Letter in Response to Hugh Roberts, 'Who Said Gaddafi Had to Go?'
London Review of Books, Vol. 33 No. 24, 15 December 2011
Note: This is in reply to a long essay by Hugh Roberts, 'Who Said Gaddafi Had to Go?' in the London Review of Books 17 November 2011. The letter was edited for publication; the full text as submitted reads as follows:
My admiration for my former colleague Hugh Roberts as a North Africa scholar and analyst of Islamic activism remains unbounded. As President of the International Crisis Group from 2000-2009, I believe that its 2005 report on Understanding Islamism,of which he was primary author, was one of the finest, and most influential, Crisis Group ever produced. But I am deeply underwhelmed by his lengthy attempt [LRB, 17 November] to demonstrate that the Security Council mandated military intervention in Libya was nothing more than a re-run of the ‘war-party’s bombing for democracy in Iraq.

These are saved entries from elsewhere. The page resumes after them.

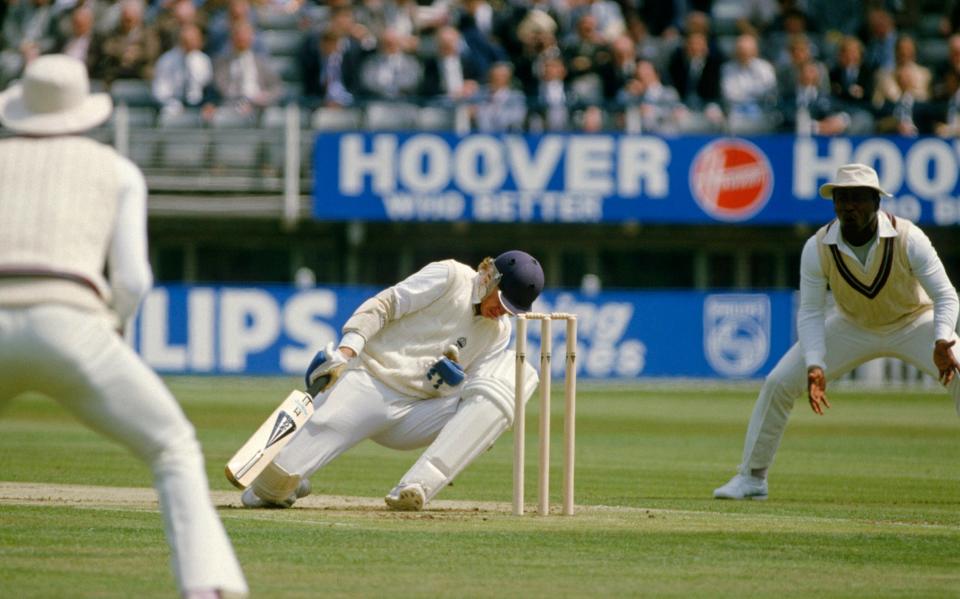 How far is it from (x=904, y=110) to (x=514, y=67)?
5445mm

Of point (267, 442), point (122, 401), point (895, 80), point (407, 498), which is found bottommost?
point (407, 498)

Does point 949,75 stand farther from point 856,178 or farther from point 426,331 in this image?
point 426,331

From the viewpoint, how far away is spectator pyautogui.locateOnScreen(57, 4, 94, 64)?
2355cm

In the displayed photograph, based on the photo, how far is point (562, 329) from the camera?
23.1 m

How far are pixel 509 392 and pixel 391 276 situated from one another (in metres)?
16.8

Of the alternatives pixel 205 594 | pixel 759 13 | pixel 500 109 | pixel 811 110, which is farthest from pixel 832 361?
pixel 759 13

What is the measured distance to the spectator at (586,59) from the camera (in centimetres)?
2372

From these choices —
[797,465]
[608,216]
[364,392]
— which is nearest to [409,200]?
[608,216]

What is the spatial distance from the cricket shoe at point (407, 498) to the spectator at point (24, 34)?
633 inches

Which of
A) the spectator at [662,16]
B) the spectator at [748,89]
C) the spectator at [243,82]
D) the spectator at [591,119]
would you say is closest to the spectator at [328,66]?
the spectator at [243,82]

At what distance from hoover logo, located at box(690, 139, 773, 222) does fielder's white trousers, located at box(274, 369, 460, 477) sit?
15.2m

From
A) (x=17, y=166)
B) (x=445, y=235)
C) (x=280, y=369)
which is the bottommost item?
(x=280, y=369)

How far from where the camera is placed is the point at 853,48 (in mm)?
24094

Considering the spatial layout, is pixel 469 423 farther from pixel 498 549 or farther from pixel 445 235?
pixel 445 235
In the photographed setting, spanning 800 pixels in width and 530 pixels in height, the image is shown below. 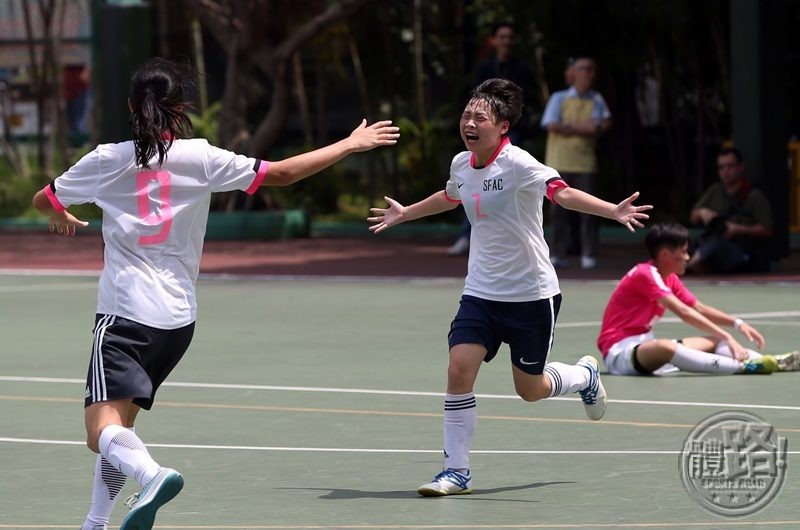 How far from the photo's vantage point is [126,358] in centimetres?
595

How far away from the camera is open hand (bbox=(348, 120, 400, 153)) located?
20.7ft

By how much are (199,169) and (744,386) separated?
463 centimetres

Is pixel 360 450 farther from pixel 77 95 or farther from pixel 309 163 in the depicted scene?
pixel 77 95

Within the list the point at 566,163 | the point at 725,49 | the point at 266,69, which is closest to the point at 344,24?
the point at 266,69

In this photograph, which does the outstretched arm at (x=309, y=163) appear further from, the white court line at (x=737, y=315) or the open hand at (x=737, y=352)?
the white court line at (x=737, y=315)

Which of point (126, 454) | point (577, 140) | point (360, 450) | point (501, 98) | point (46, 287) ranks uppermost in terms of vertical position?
point (501, 98)

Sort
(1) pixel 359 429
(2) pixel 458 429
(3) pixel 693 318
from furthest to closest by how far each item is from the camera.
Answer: (3) pixel 693 318, (1) pixel 359 429, (2) pixel 458 429

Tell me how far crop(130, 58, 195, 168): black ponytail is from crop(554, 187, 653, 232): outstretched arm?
1.63 metres

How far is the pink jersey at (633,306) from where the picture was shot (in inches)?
403

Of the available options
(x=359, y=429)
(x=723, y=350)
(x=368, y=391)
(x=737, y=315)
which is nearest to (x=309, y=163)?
(x=359, y=429)

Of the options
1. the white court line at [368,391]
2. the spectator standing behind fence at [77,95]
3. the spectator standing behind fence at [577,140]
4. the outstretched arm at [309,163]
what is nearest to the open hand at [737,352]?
the white court line at [368,391]

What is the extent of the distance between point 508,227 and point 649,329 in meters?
3.26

It was not ‘democratic principles’ that were invoked by the Security Council to justify the military intervention, but rather the principle of the ‘responsibility to protect’ – a phrase, and a concept, that is not mentioned even once in Roberts’s article, despite being the subject of intense international debate for the last ten years. It was devised – by the Canadian-sponsored commission I co-chaired with the Algerian diplomat Mohamed Sahnoun in 2005 – to create the possibility for international consensus in overcoming decades, indeed centuries, of indifference and inaction in the face of mass atrocity crimes, which had reached a nadir in the awful sequence of events through the 1990s in Rwanda, Bosnia and Kosovo. The concept was embraced unanimously by more than 150 heads of state and government sitting as the UN General Assembly in the 2005 World Summit, has been overwhelmingly supported in subsequent General Assembly debates in 2009, 2010 and 2011, and has been utilised now by the Security Council on at least six occasions.
Whatever the distaste unquestionably felt for Gaddafi in both the West and the Arab League, it is inconceivable that the ‘all necessary measures’ resolution in the Security Council would have been pursued, let alone accepted, if there had not been at the time a widespread and absolutely genuine belief (shared by Russia, China and the other abstainers) that Gaddafi’s regime had killed many civilian protesters and was about to, in Benghazi, kill a great many more – and that his behaviour over the three weeks since the preceding Council resolution had shown him to be determinedly resistant to the kind of negotiated political settlement that Roberts, then and now, argues was still possible. Counterfactuals can never be proven, but this was not an unreasonable judgement, given Gaddafi’s past form – which shines through even your essayist’s tortured case for the defence – and his talk at the time, eerily reminiscent of the Rwanda genocidaires, of showing “no mercy or pity” for the “cockroaches” who had risen against him.
Where Roberts is on much firmer ground is in arguing that the subsequent implementation by the NATO-led force grievously stretched the formal Security Council mandate, converting a clear and limited civilian protection mandate into an effectively unlimited regime change one. I acknowledge the force of the argument that the only way that the protection of civilians in areas like Tripoli under Gaddafi’s control could be absolutely guaranteed was by removing him. But it would have been much preferable to conduct the operation on a much more restrained, watching-brief basis: maintaining a no-fly zone, and attacking any attackable concentration of forces clearly about to put civilians at risk, in Benghazi Misrata or anywhere else, but beyond that leaving it to the rebels to fight their own war. This would undoubtedly have led to more protracted, and probably messier, war with even more conflict casualties, and harder domestic politics to manage in the U.S. and Europe – but it would have better preserved the integrity of the responsibility to protect principle, and the consensual basis for its future application.
The lesson of Libya is not that cynical neo-imperialist Western adventurism is alive and well, but that in responding to actual or imminent mass atrocity crimes – as the international community must if our common humanity is to mean anything – there must be renewed attention to the stringent, limiting, prudential criteria (like last resort, proportionality, and balance of consequences) which should not only have to be satisfied before coercive military force is authorized by the Security Council, but which should govern its subsequent application. Such criteria were part and parcel of the responsibility to protect concept as originally formulated, but their formal adoption remains unfinished business.